A Snapshot of European Co-operative Banking
18 april 2016 | 1 min lezen
In ‘A Snapshot of European Co-operative Banking’ schetst Hans Groeneveld, hoogleraar financiële coöperaties bij TIAS School for Business and Society, de prestaties van vijftien coöperatieve bankengroepen in tien Europese landen op basis van een aantal financiële indicatoren. Hun – gemiddelde – performance wordt afgezet tegen die van de gehele bankensector in diezelfde landen.

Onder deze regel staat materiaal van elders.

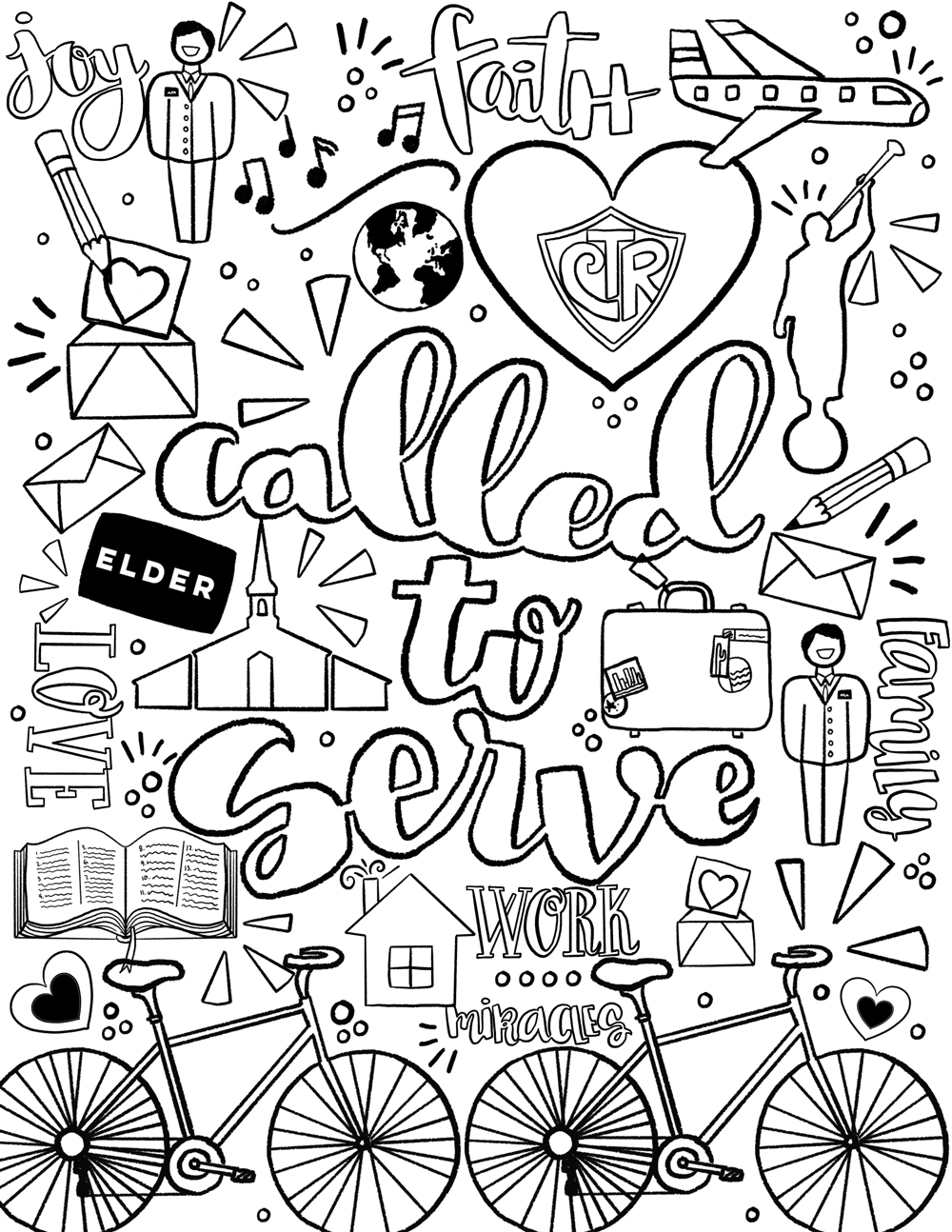 1000x1294 Unconditional Missionary Coloring Pages Celebr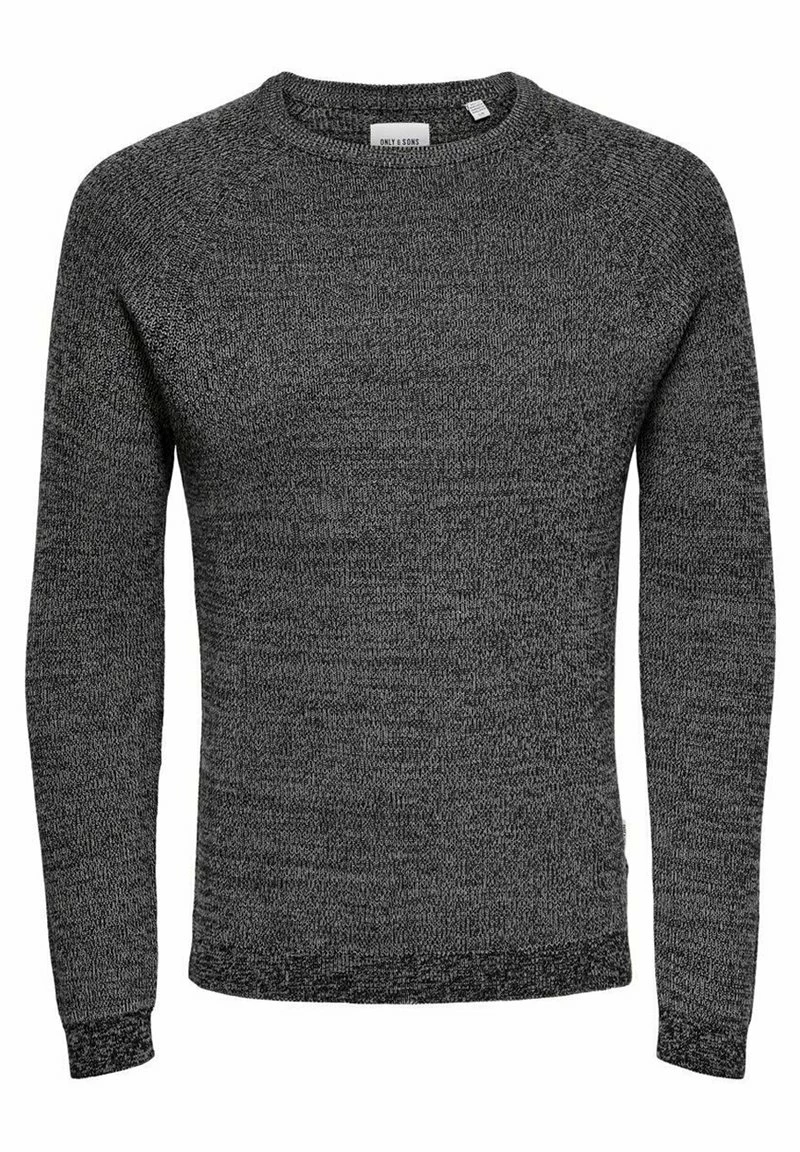 Only & Sons Herren Strickpullover - Black | Modischer Pullover für Herren 1 Only & Sons Herren Strickpullover - Black | Modischer Pullover für Herren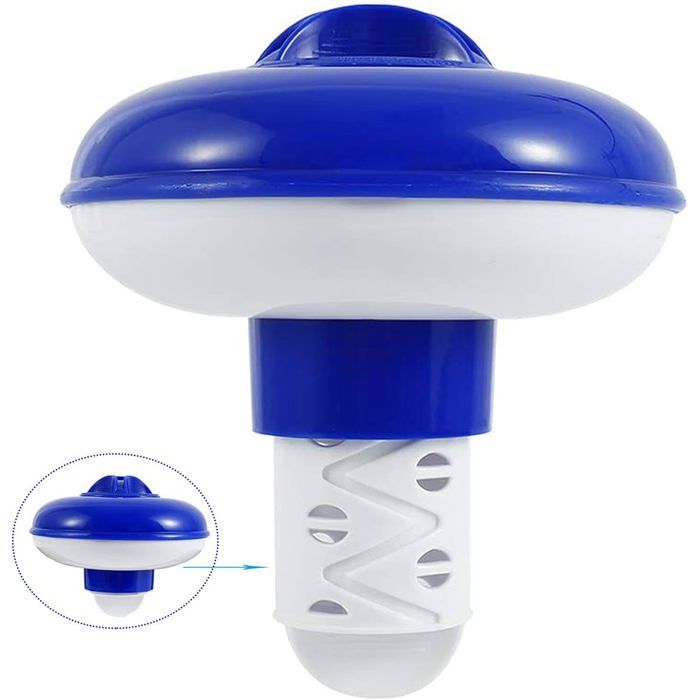 Diffuseur Chlore Piscine Réglable Diffuseur de Chlore pour Piscine Flotteur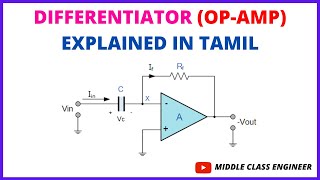 Differentiator  Op Amp  Explained in Tamil  Middle Class Engineer [upl. by Ydeh559]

Dual-bottom line organisaties
De focus ligt op de situatie in 2014, omdat de cijfers van sommige coöperatieve bankengroepen én de geaggregeerde data van nationale banksystemen pas met een fikse vertraging beschikbaar komen. Overigens kunnen de prestaties van coöperatieve banken niet alleen aan de hand van financiële indicatoren worden gemeten. Zij streven doorgaans ook sociaal-maatschappelijke doelstellingen – ten behoeve van hun leden en klanten – na. Zij worden dan ook wel als ‘dual-bottom line’ organisaties aangeduid. Bovendien kent het ‘prestatieconcept’ veel andere dimensies naast de financiële.
Groei
Het rapport concludeert dat de lange termijn trend van ledengroei zich in 2014 heeft voortgezet. Alle coöperatieve bankengroepen tezamen verwelkomden 1,3 miljoen nieuwe leden. De leden-bevolking ratio kwam voor het eerst in de geschiedenis uit boven de 18. Saillant is ook dat de totale activa en (retail)leningen van coöperatieve banken minder grote fluctuaties dan die van de gehele bankensector vertonen. Coöperatieve banken dempen de conjuncturele schommelingen met andere woorden. Dit komt mede doordat de balansstructuur van coöperatieve banken afwijkt van die van alle andere banken.
Retailbankieren
Coöperatieve banken zijn sterker op retailbankieren gericht, dat doorgaans stabielere inkomsten genereert dan andere bancaire activiteiten. Zij financieren zich verhoudingsgewijs ook meer met spaargeld en deposito’s. De gemiddelde return on equity (ROE) van alle coöperatieve banken was in de periode 2002-2014 aanzienlijk stabieler én gemiddeld hoger dan die van de gehele bankensector. In 2014 lag de ROE van coöperatieve banken op gemiddeld 4%, wat flink hoger was dan de ROE van 1,6% voor alle banken tezamen. Ook in termen van efficiëntie presteerden coöperatieve banken in 2014 relatief goed. Ten opzichte van 2013 daalde hun gemiddelde cost-income ratio met 4 procentpunten tot net onder de 60. De gemiddelde cost-income ratio van de totale bankensector bedroeg in 2014 circa 63. Tot slot waren coöperatieve banken in 2014 – iets – beter gekapitaliseerd, afgemeten aan de gemiddelde Tier 1 ratio, dan de gezamenlijke bankensector in alle Europese landen. In 2014 kwam de gemiddelde Tier 1 ratio van coöperatieve banken en de gehele bankensector uit op respectievelijk 13,1 en 12,7.
Belang van diversiteit
Een belangrijke ‘meta’-conclusie uit deze gepresenteerde financiële kengetallen is dat de performance van coöperatieve banken in vrijwel alle jaren significant afwijkt van die van alle andere banken. Dit gegeven onderstreept het grote belang van diversiteit in organisatiemodellen voor gezonde concurrentie én stabiliteit in nationale banksystemen.